NY - Stony Brook scientist: Algae blooms, dead zones are 'new normal' in East End waters
Conditions causing low oxygen and harmful algae blooms in Long Island waters — including on the East End — have become a “new normal,” according to this year’s water quality report from Stony Brook University scientist Christopher Gobler.
From June through October, he reported, every major bay and estuary on Long Island suffered from toxic algae blooms and dead zones in a “dual assault of climate change and excessive nitrogen loading.”
“It began with mahogany and brown tides in June and ended with a harmful rust tide that continues today across eastern Long Island,” Mr. Gobler said in a press release. “In between, a record-setting two dozen low-oxygen dead zones were identified from Great Neck to East Hampton, over 20 lakes and ponds were affiliated with toxic blue-green algae blooms, and fish kills across another half-dozen sites.”

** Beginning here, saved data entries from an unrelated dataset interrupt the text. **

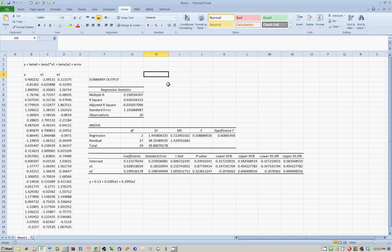In the previous lesson, we saw how to estimate a multiple regression. Now, you'll notice in this model that I just did in the previous lesson, there is an intercept, that's your beta0, there is a coefficient on x1, that's your beta1, and there's a coefficient on x2, that's your beta2.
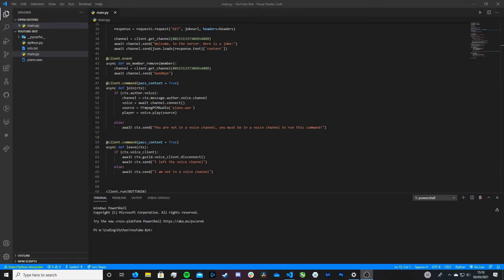Hi friends, it's James and welcome back to my channel. This is part 5 in creating a Discord bot in Python. In the last episode, we looked at getting our bot to play an audio file in a voice channel. In this video, we're going to be getting our bot to play the audio from a YouTube video.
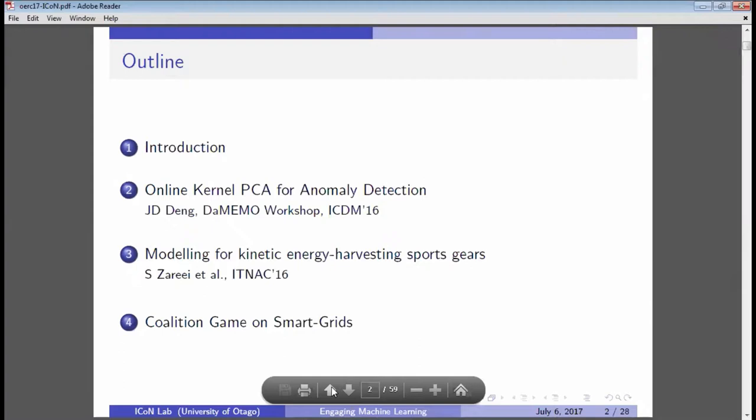One topic is anomaly detection of household power consumption. Another is quite revolutionary — Sophie will talk about her recent research on modeling sports gear that runs entirely on energy harvested from kinetics, not batteries at all. That's some theoretical-based exploration. We'll also share recent results using computational intelligence techniques to optimize coalition formation in smart grids. That's basically the layout for today's talk.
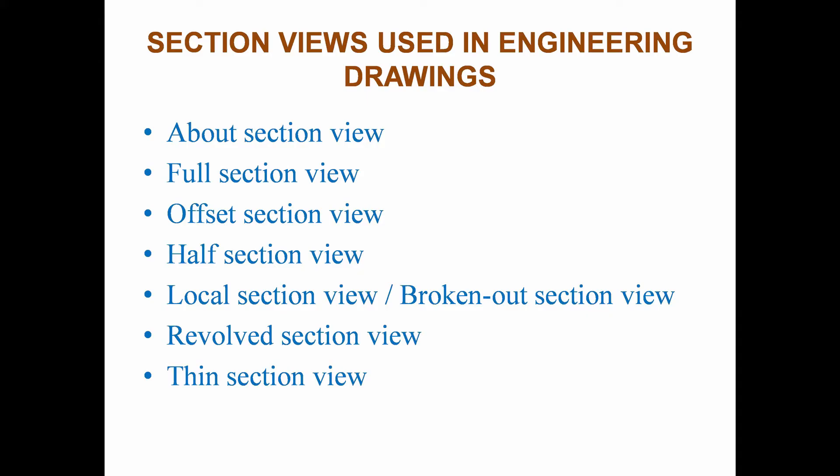Welcome all to our channel. In session 8, section views used in engineering drawings from engineering graphics, it is a common paper for all engineering and diploma departments, especially for aeronautical, automobile, manufacturing, marine, mechanical, and production.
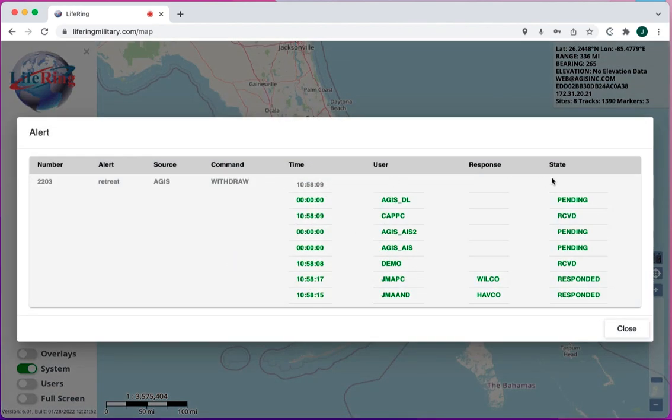I can then go review what the responses were. I can see what my message was, when it was sent, who received it, and what their response was.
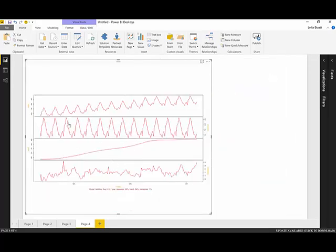This is a very good chart that helps you understand how your time series is decomposed, and then helps you to use other forecasting functions like ARIMA or exponential smoothing.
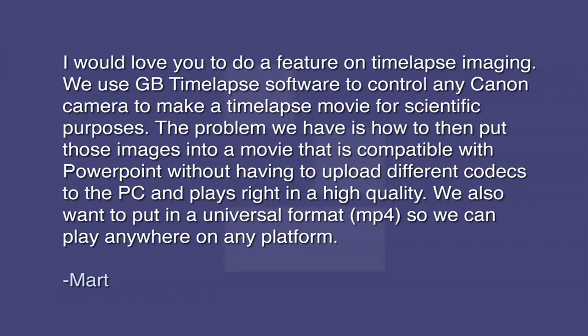This one comes from Mart. He asks, I would love you to do a feature on time-lapse imaging. We use GB Timelapse software to control any Canon camera to make a time-lapse movie for scientific purposes. The problem we have is how to then put those images into a movie that is compatible with PowerPoint without having to install different codecs to the PC and that plays in high quality. We also want to put it in a universal format such as MP4 so we can play anywhere on any platform.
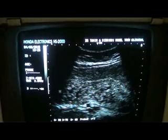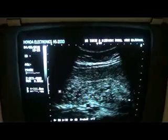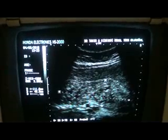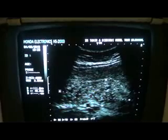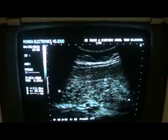This is the placenta percreta. If you concentrate on this region, measuring approximately 11.1 cm by 3.4 cm — you see that these are all vessels and they are invading deep into the myometrium. This is the endometrial lining. This is the anterior myometrium, which is normal.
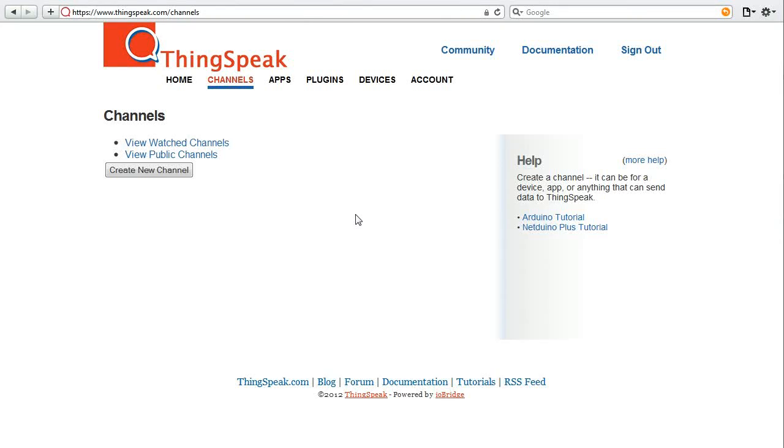Now that you've signed up and signed into ThingSpeak, you get started by working with ThingSpeak channels. A ThingSpeak channel is a place where you store your data. Each channel provides eight fields to store any type of data that you want.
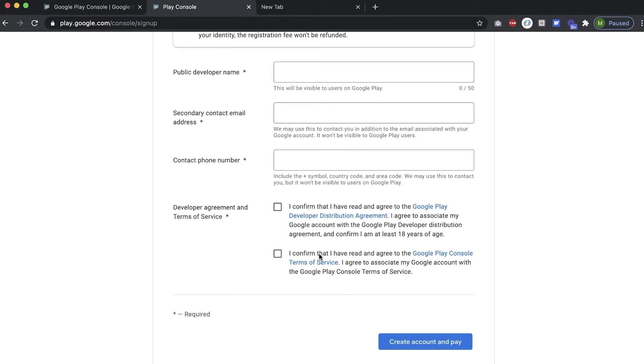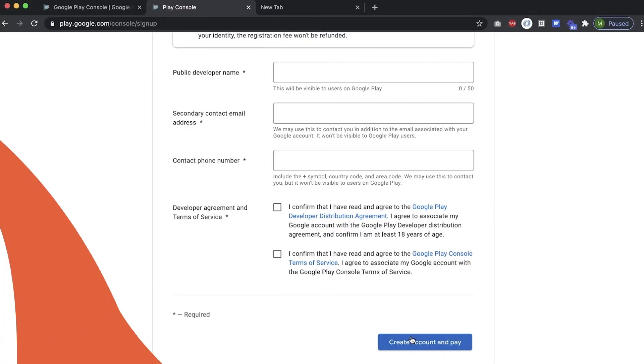After doing that, you'll be asked to pay for your account. Please note this is a $25 USD one-time fee. I'm going to go ahead and fill out my information, pay for my account, and I'll be right back.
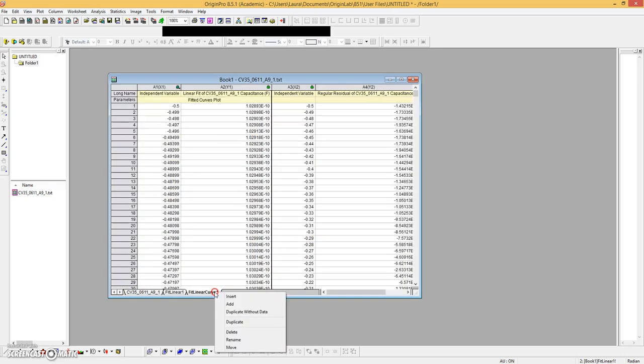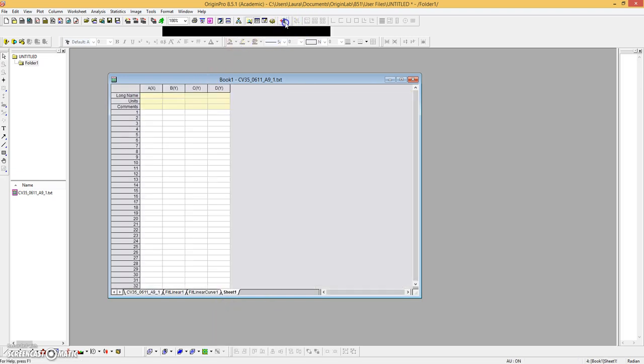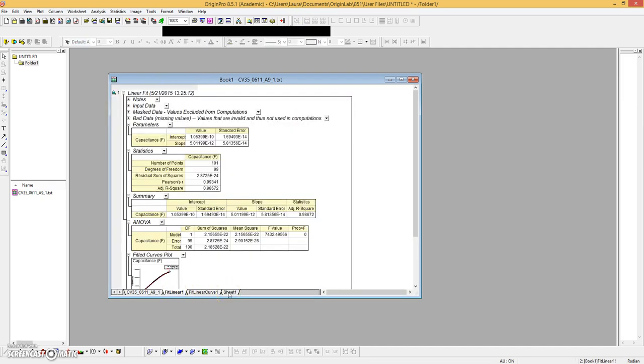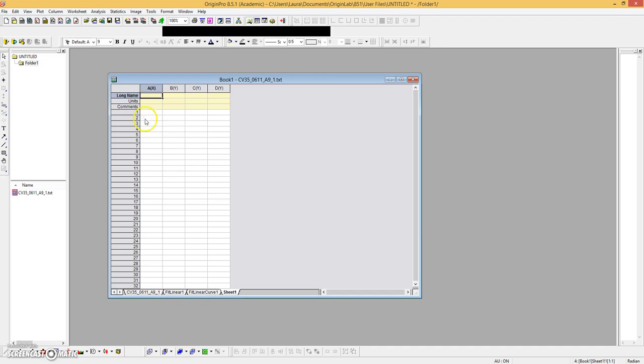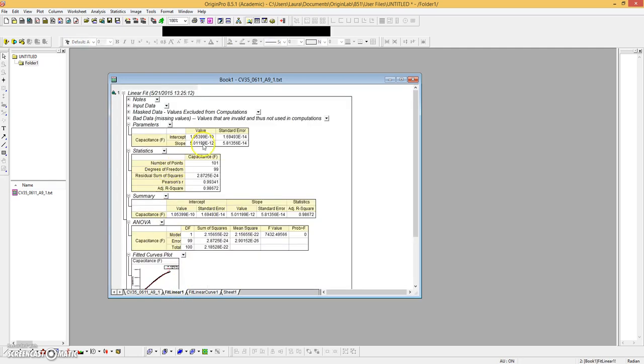So let's add a new worksheet with a couple of columns and we'll call them—let me just look back real quick—intercept, intercept error, slope, and slope error.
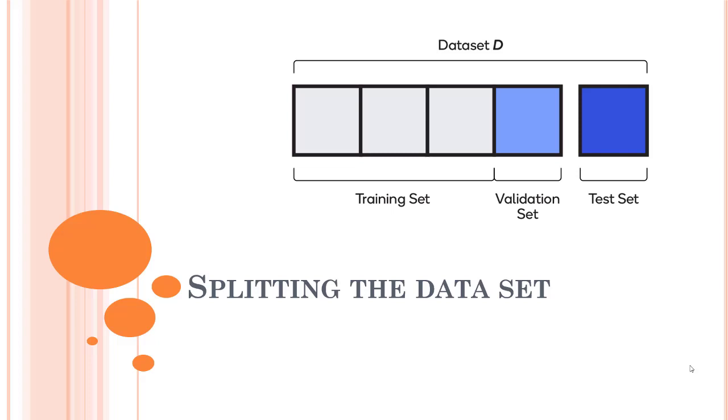Before wrapping up this section, let's start splitting our data set into some halves. Why do we need to split our data set?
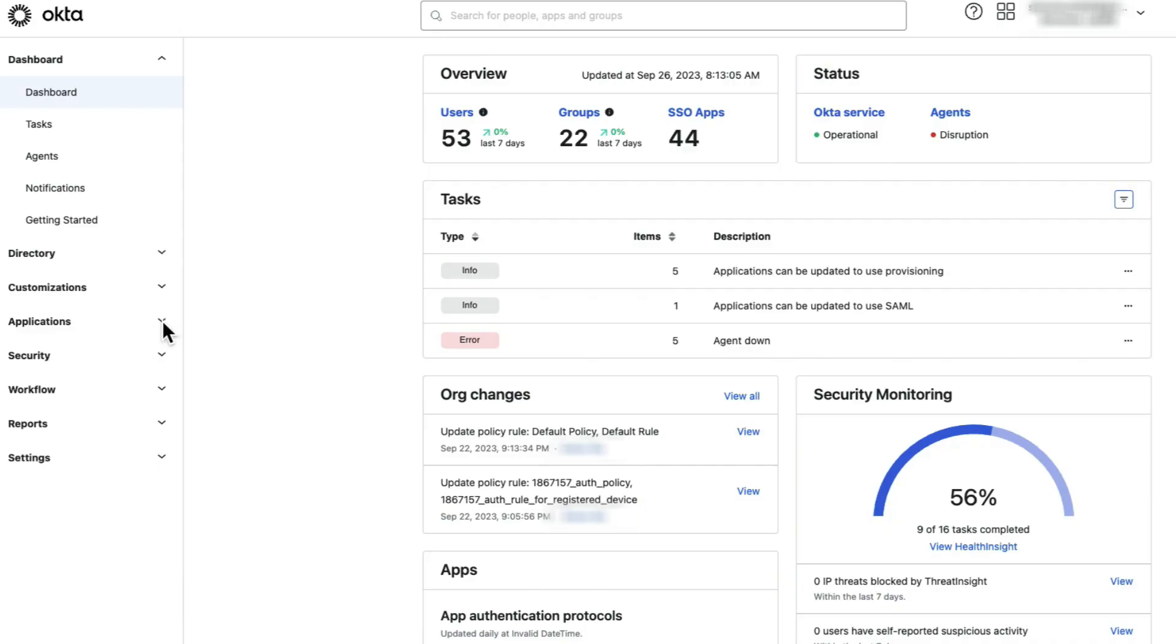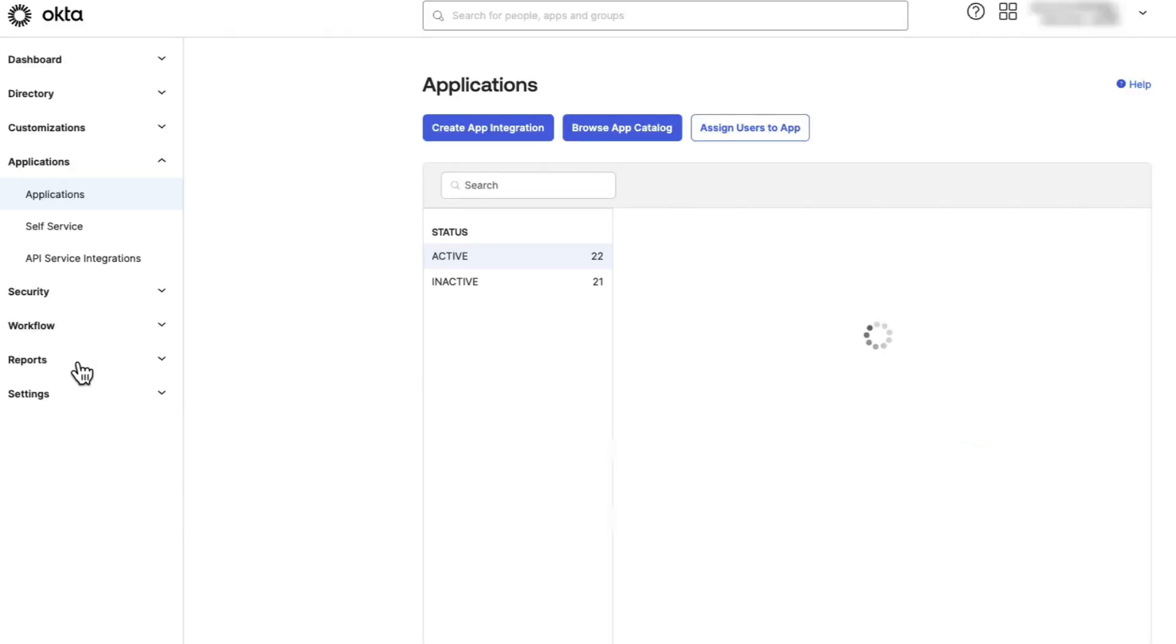Let's get started. Log in to the Okta Admin console and locate the desired application. On the Assignments tab,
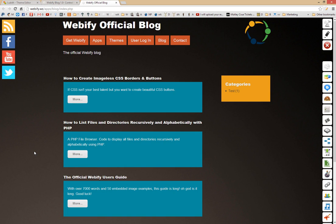Welcome to the video tutorial for the Lubbeth Design Editor, which works along with Webify theme templates. What I'm looking at right now is the official Webify blog, which is using the theme template called W8, which is based off of the new Windows Metro theme style, which I personally really like.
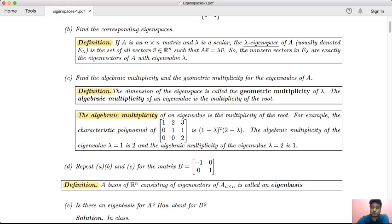The non-zero vectors in E-lambda are exactly the eigenvectors of A with eigenvalue lambda. If you look at a non-zero vector, it can satisfy the condition of the eigenvector. The non-zero vector corresponds to the eigenvalue lambda, and eigenvectors are by definition non-zero.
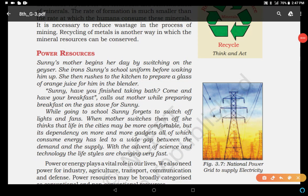Hello students. Today we will start the third part of Mindana and power resources, and today we will start with the topic power resources. You have to listen very carefully and watch this video completely. Don't skip so that you will be able to understand power or energy.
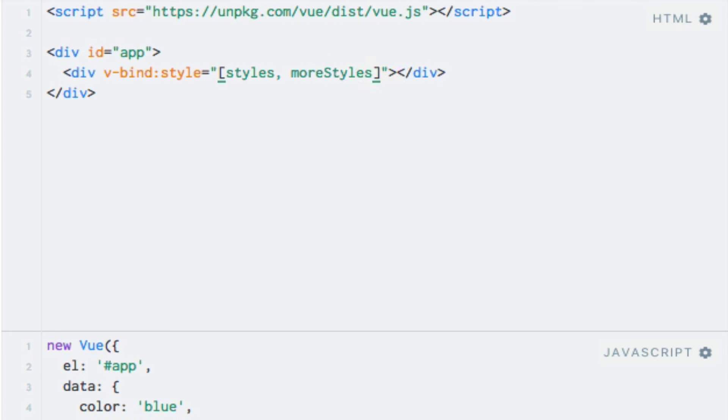I could of course also have referred to either a data property consisting of an array, or a computed property which returns an array. What this does is that it merges the two objects together. So if I run the code, you'll see that the div still has the same styles, but that it now also has round corners. This is because Vue.js merges the objects together, and it's worth noting that an object in the array takes precedence over any objects that are added before them.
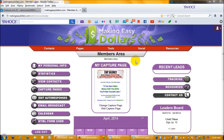Hello, everyone. This is Cindy, and this little tutorial is just going to show you how to find your Capture Page link. I will do a separate video on finding your landing page link. When you're out there promoting the system and getting people signed up through My Cash Freebies and making money, you're going to want to use your Capture Page link for promoting.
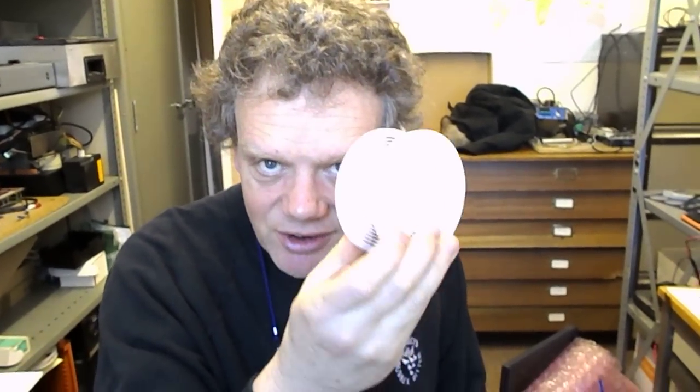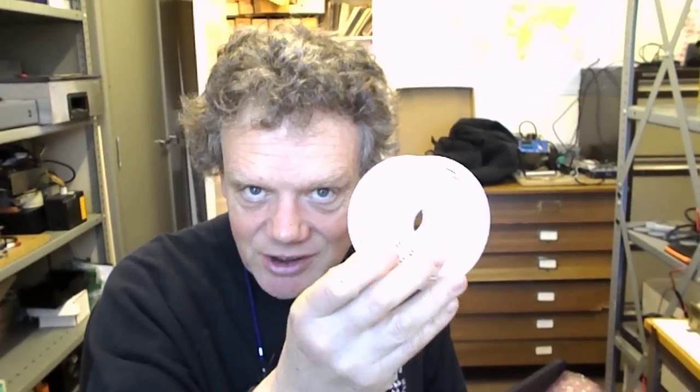I'm going to show you how to change a Paterson System 4 universal reel from 35mm to 120mm film size.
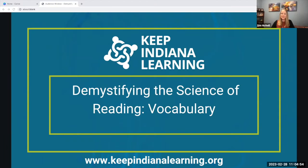Good morning. Welcome to the webinar series, Demystifying the Science of Reading. This is part five in the six-part series, and today we are going to talk about vocabulary.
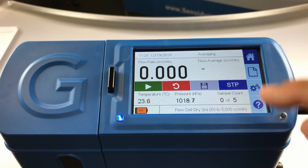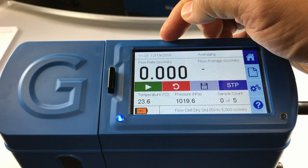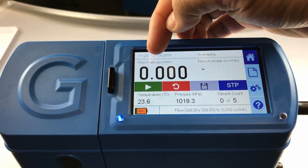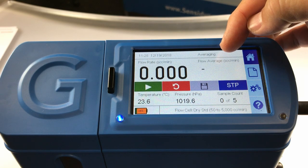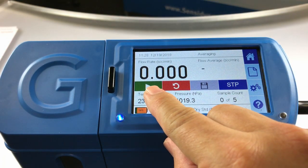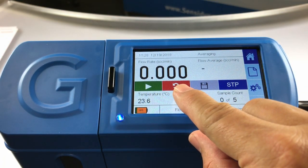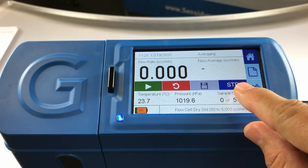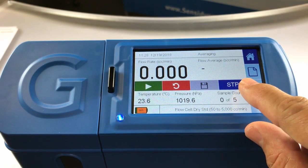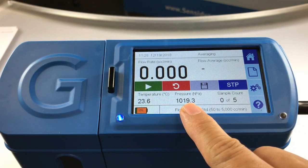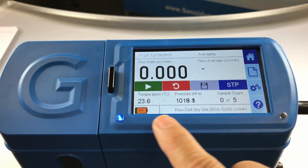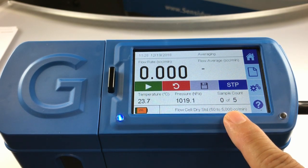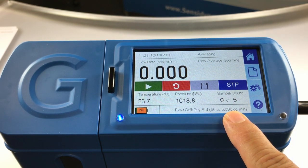The home screen displays the time and date across the top, the sampling mode, the live flow rate, the average flow rate, the play and stop button, the reset button, the record save button, the STP or volumetric flow button, the ambient temperature, the ambient pressure, the sample count, the battery life, and the type of flow cell along with the flow cell's flow range.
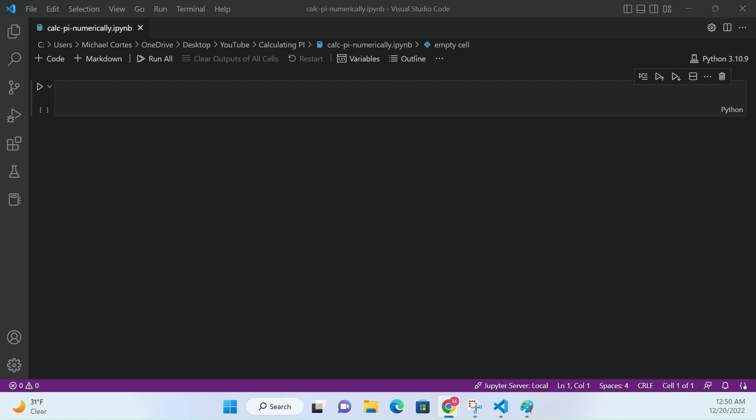Hi everybody, today we're going to talk about how to estimate pi numerically. It's going to be a fun video, nothing too serious and not too long — just a pretty interesting, cool way to use some simulation and probability theory.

The past summer had nearly double the average rainfall, with more water coming down during individual storms — leading to more nitrogen loading into the sea, feeding harmful algal blooms and dead zones, Mr. Gobler said. He pointed to the expansion and intensification of a mild rust tide on the East End following tropical storms Henri and Ida as an example.
“It’s one of the longest lasting events, very widespread all across the Peconic Estuary and also in Shinnecock Bay,” he told Times Review. The ongoing rust tide, a harmful algae bloom, began in August.
The report indicates that Merritts Pond in Riverhead, Hallocks Pond in Jamesport, Marratooka Lake in Mattituck and Great Pond in Southold, among others, suffered toxic blue-green algae blooms this summer. Health officials warn against contact with the algae, which can be harmful to people and animals. Exposure to toxins from the algae can potentially cause symptoms ranging from breathing issues to vomiting or diarrhea.